§ **Description of the task**
Retype the data exactly, skipping any picture in it.

§ **Collected data entries**

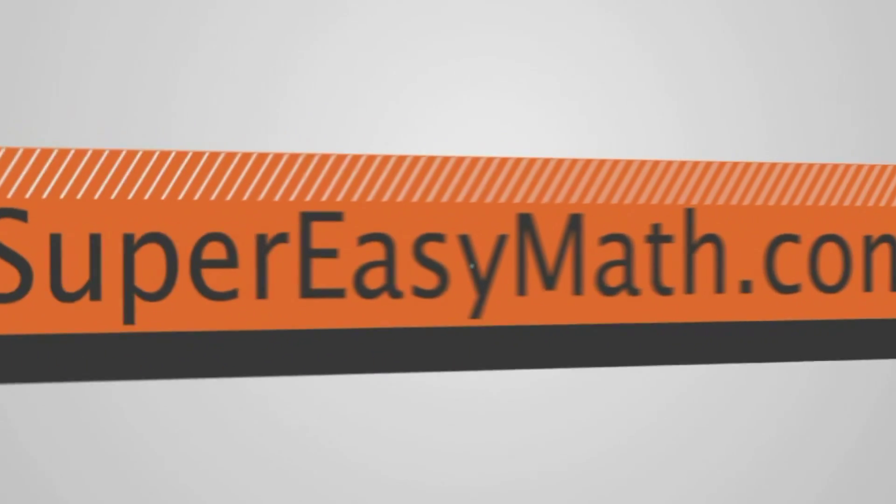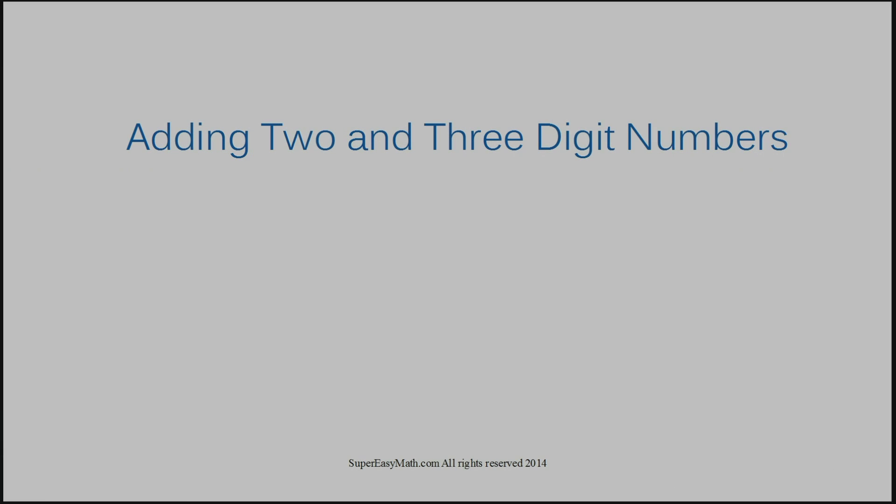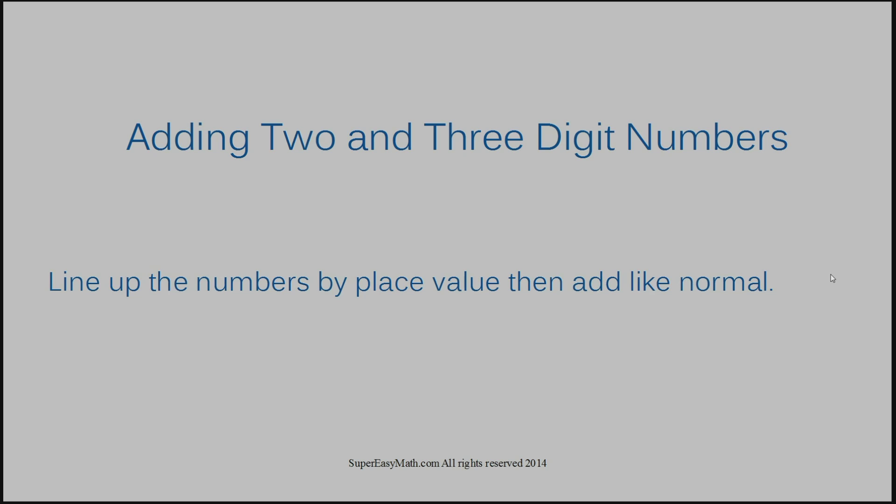Hi, I'm Tiffany. Today I'm going to show you how to add two and three-digit numbers. When adding two and three-digit numbers, the main thing you want to keep in mind is you need to line up the numbers by place value, then add like normal.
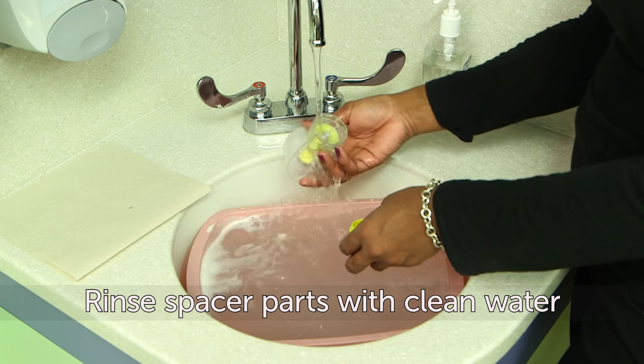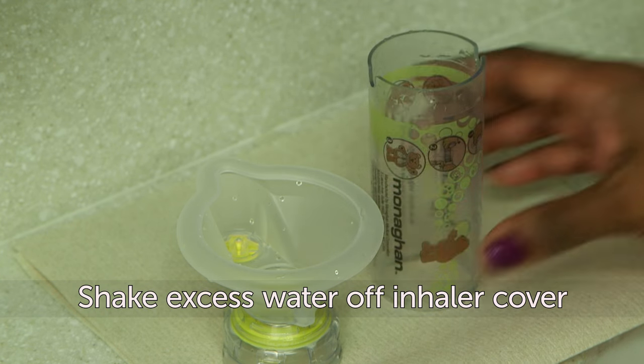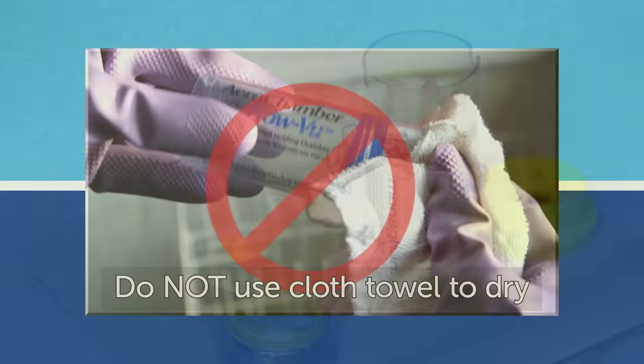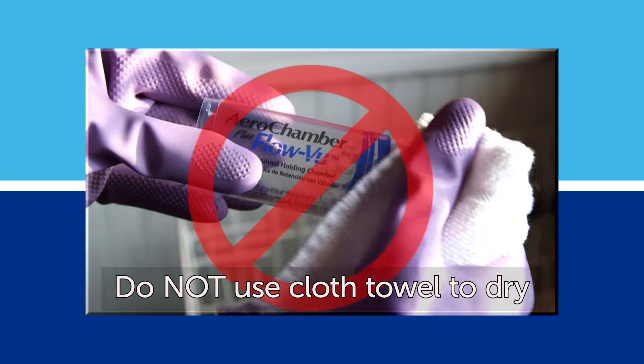Rinse the spacer parts with clean water. Then shake off any excess water from the spacer parts and let them air dry on a clean, dry paper towel. Keep the spacer standing up to dry properly. Do not dry the spacer with a cloth towel, as it may leave lint in the spacer.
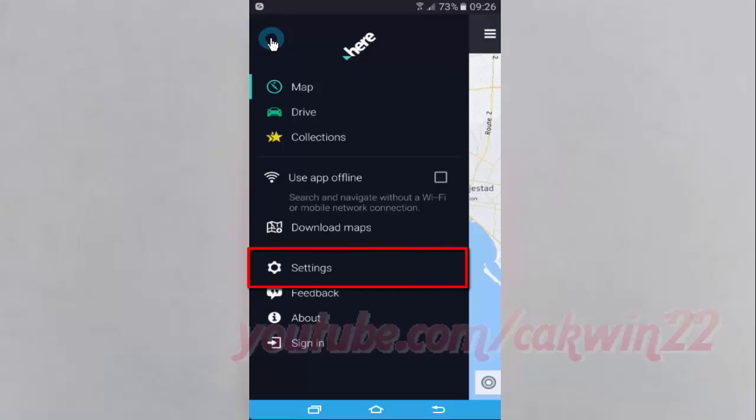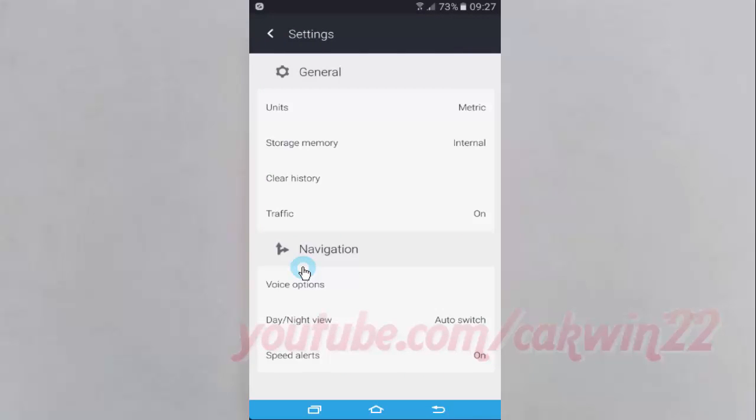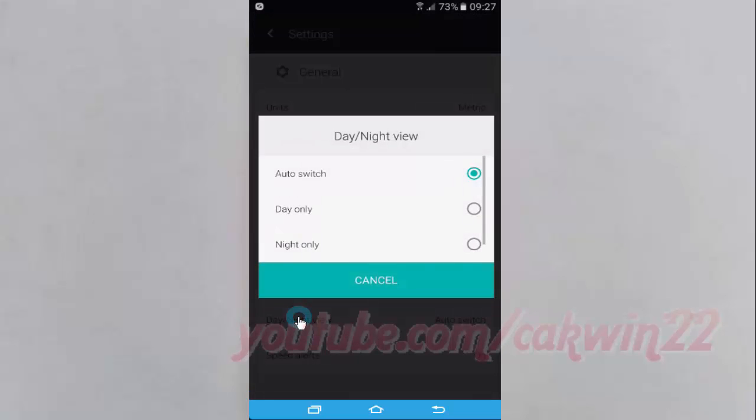Tap settings. Tap day night view. Select the option you want.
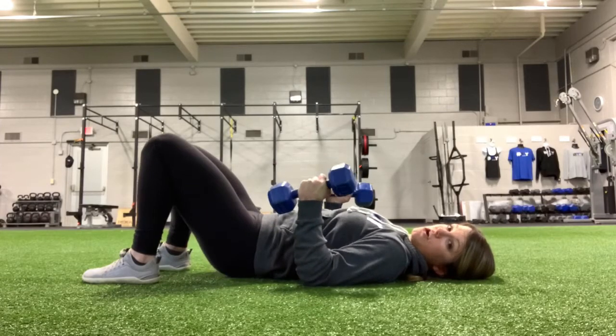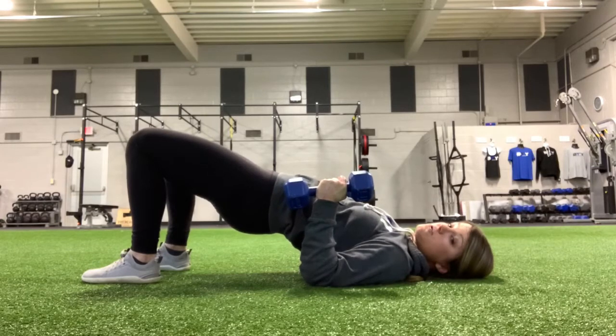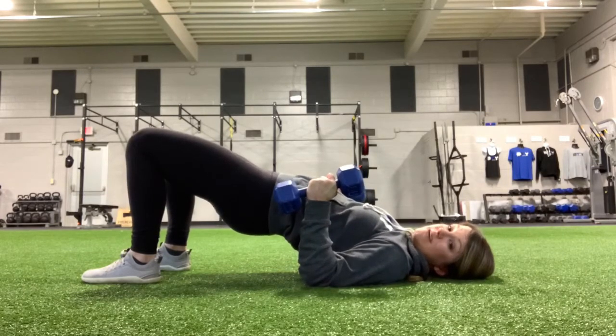For this exercise, I'm going to start up in a bridge position. So I have a straight line from my shoulders to my hips. I'm going to arch through the back. I'm driving hard through my heels the whole time — I'm not going to push that ground away from me.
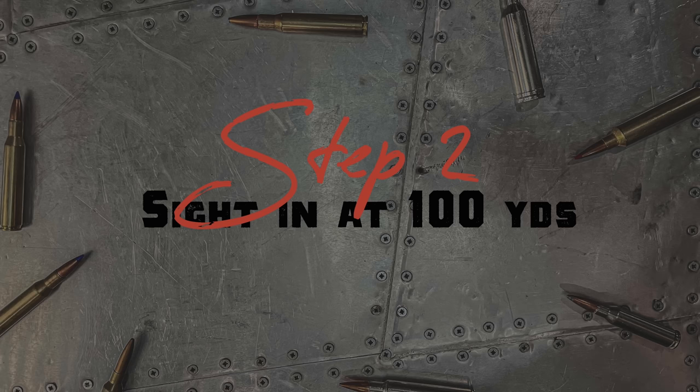If the reticle is pretty much level you'll be fine at 100 yards, but if you're shooting 1,000 yards with a .308 and your reticle is just one percent off, you're going to miss by 8.75 inches. Now we are on step two — we've got to get this gun sighted in.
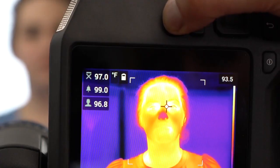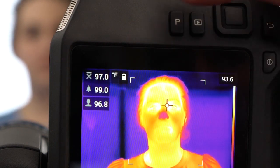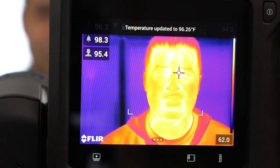A long press of the P button resets the baseline temperature. A short press of the P button averages in a new sample. It's recommended to average at least 3 samples from healthy individuals. The camera can store up to the last 10 samples.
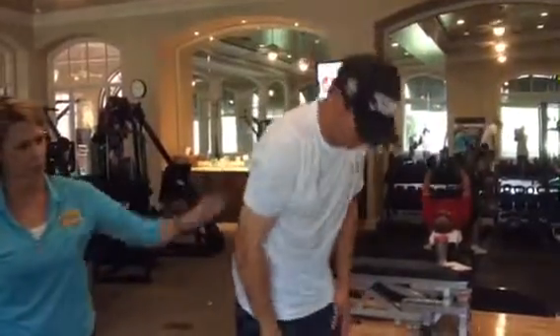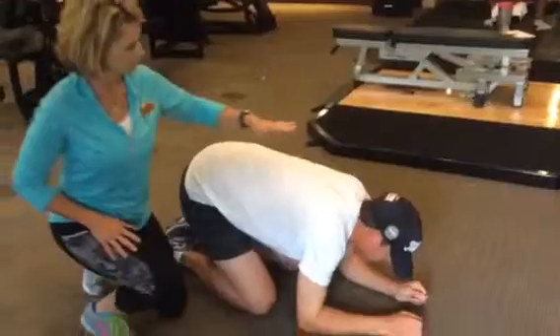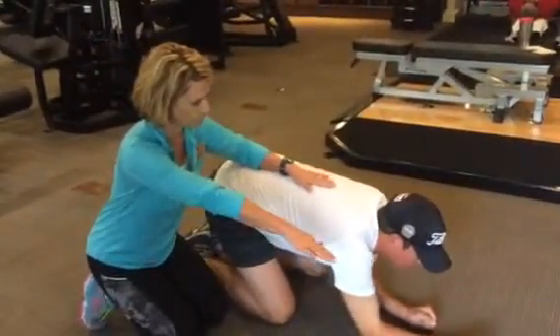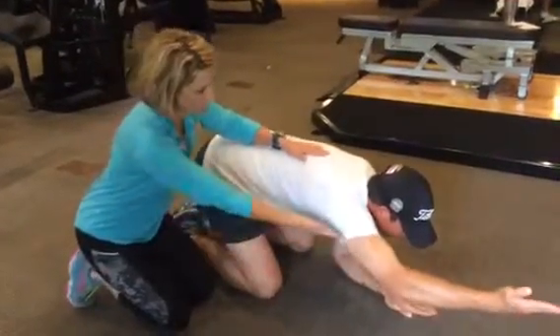Alright, let's get on the floor. We're going to do the reach, roll, and lift version of the same thing. Straighten your back, get it in neutral. Reach the right arm forward, down, up, and lift, then forward.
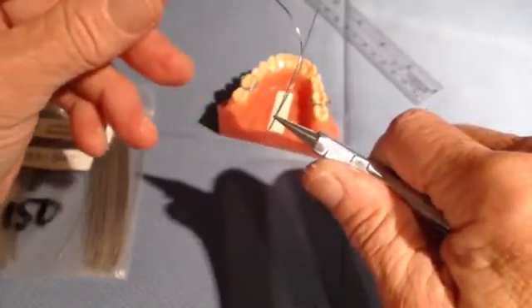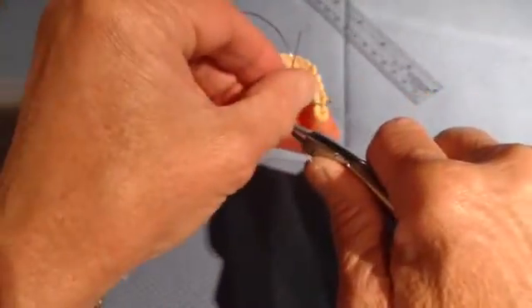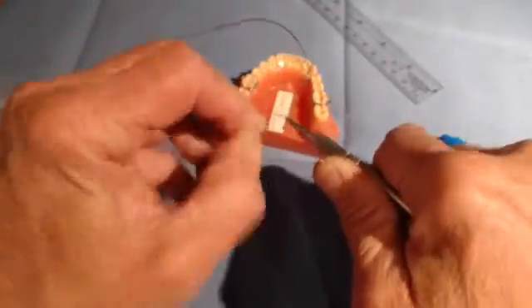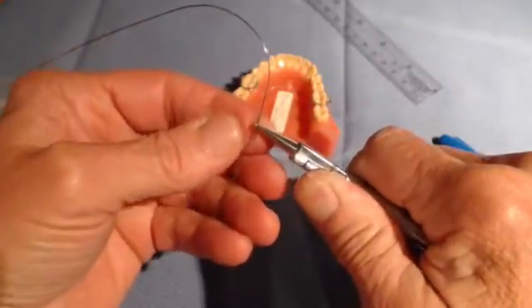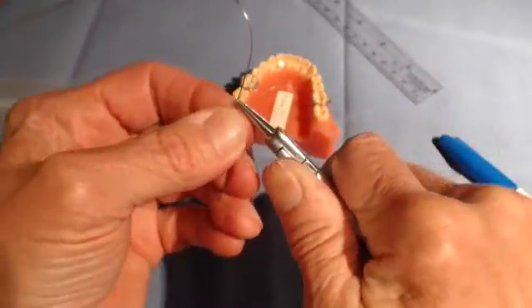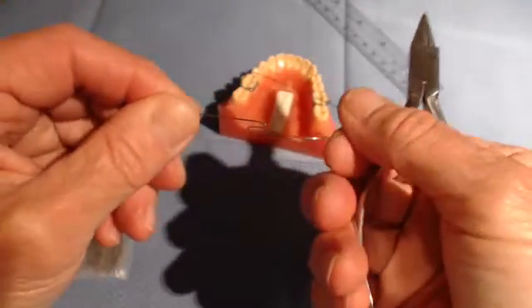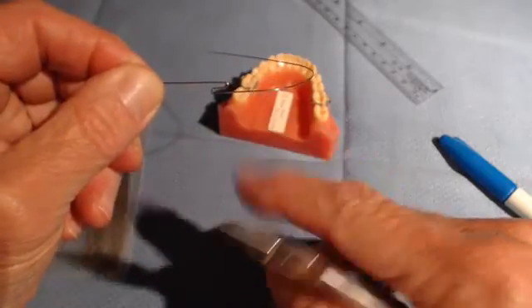Same wire bending principles apply: perpendicular, parallel, hold tightly, roll this back over the top until the distal and the mesial aspects are parallel. By parallel, I mean those two ends — distal and mesial — are paralleled.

§ **Worked solution**
Hi, I'm Tiffany. Today I'm going to show you how to add two and three-digit numbers. When adding two and three-digit numbers, the main thing you want to keep in mind is you need to line up the numbers by place value, then add like normal.
Rinse the spacer parts with clean water. Then shake off any excess water from the spacer parts and let them air dry on a clean, dry paper towel. Keep the spacer standing up to dry properly. Do not dry the spacer with a cloth towel, as it may leave lint in the spacer.
Tap settings. Tap day night view. Select the option you want.
For this exercise, I'm going to start up in a bridge position. So I have a straight line from my shoulders to my hips. I'm going to arch through the back. I'm driving hard through my heels the whole time — I'm not going to push that ground away from me.
If the reticle is pretty much level you'll be fine at 100 yards, but if you're shooting 1,000 yards with a .308 and your reticle is just one percent off, you're going to miss by 8.75 inches. Now we are on step two — we've got to get this gun sighted in.
A long press of the P button resets the baseline temperature. A short press of the P button averages in a new sample. It's recommended to average at least 3 samples from healthy individuals. The camera can store up to the last 10 samples.
Alright, let's get on the floor. We're going to do the reach, roll, and lift version of the same thing. Straighten your back, get it in neutral. Reach the right arm forward, down, up, and lift, then forward.
Same wire bending principles apply: perpendicular, parallel, hold tightly, roll this back over the top until the distal and the mesial aspects are parallel. By parallel, I mean those two ends — distal and mesial — are paralleled.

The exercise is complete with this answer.